Stock index futures closed mixed on Wednesday after the Federal Open Market Committee left its funds rate on hold, as expected. The fed funds rate remains at 5.25% – 5.50%. The Summary of Economic Projections indicated FOMC member expectations averaged a single interest rate cut of 25 basis points this year, which is fewer than the two rate cuts markets were anticipating. This hawkish revision came despite a softer-than-expected consumer price index report earlier in the day. Fed Chair Powell reiterated that the projections are only a “forecast” and don’t reflect a “really strong commitment to a particular rate path.”

Futures advanced today when the bullish May producer price index report was released. The PPI declined 0.2% when a 0.1% increase was expected, and on an annualized basis the PPI increased 2.2%, which compares to the predicted 2.5% increase. The producer price index excluding food and energy was unchanged when up 0.3% was estimated, and on an annualized basis increased 2.3% when a gain of 2.4% was anticipated.

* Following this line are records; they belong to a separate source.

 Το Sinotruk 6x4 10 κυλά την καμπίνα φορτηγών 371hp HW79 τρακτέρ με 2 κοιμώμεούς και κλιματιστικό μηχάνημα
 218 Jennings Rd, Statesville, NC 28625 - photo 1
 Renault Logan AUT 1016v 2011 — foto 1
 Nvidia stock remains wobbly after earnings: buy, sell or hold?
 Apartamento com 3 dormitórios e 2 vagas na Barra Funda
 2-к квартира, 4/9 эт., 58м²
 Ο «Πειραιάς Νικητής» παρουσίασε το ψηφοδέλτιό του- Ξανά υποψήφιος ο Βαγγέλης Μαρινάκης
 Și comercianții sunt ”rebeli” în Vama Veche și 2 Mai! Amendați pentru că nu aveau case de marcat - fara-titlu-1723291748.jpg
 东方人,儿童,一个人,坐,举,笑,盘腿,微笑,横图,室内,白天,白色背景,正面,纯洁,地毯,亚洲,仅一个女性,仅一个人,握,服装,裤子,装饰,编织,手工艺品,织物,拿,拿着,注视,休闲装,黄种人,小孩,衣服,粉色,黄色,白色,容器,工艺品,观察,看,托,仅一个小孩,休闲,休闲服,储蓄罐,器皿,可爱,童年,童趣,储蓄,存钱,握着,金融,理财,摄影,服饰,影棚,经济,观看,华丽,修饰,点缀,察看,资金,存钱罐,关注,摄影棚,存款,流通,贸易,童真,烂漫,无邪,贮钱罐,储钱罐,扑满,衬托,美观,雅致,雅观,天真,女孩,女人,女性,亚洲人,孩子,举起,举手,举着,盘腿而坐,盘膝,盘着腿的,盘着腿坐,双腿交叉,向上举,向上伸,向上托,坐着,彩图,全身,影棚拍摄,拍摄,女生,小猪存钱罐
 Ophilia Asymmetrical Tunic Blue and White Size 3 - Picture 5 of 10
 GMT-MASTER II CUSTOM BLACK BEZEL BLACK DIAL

Jobless claims in the week ended June 8 were 247,000 when 222,000 were expected.

The longer term fundamentals remain supportive to stock index futures.


The U.S. dollar index was higher in the overnight trade but quickly came off of the highs when the bearish producer price index report was released.

Industrial production in the euro area declined by 0.1% month-over-month in April 2024, which reverses the downwardly revised 0.5% growth in the previous month, and below the anticipated increase of 0.2%.

German wholesale prices declined 0.7% in May compared with the same month last year.

Australian employment outpaced expectations in May. Net employment increased 39,700 in May from April when market forecasts had been for a gain of 30,000. Full-time employment jumped 41,700. The jobless rate eased to 4.0% from 4.1%, which was in line with estimates.

The Bank of Japan will hold its policy meeting tomorrow. Analysts expect the BOJ will leave interest rates unchanged. The focus of attention will most likely be on the monetary policy statement and press conference.


Futures traded higher yesterday after the bullish consumer price index was reported. However, some of the gains were given back when the Federal Open Market Committee indicated the Fed is likely to lower interest rates only one time this year.

However, today prices are higher across the board in light of the decline in the producer price index in May when a small increase had been anticipated.

John Williams of the Federal Reserve will speak at 11:00 central time.

Financial futures markets are predicting there is a 70% probability that the Federal Open Market Committee will lower its fed funds rate by 25 basis points at its September 18 meeting.

The long term fundamentals are bullish on balance, especially for futures at the long end of the yield curve.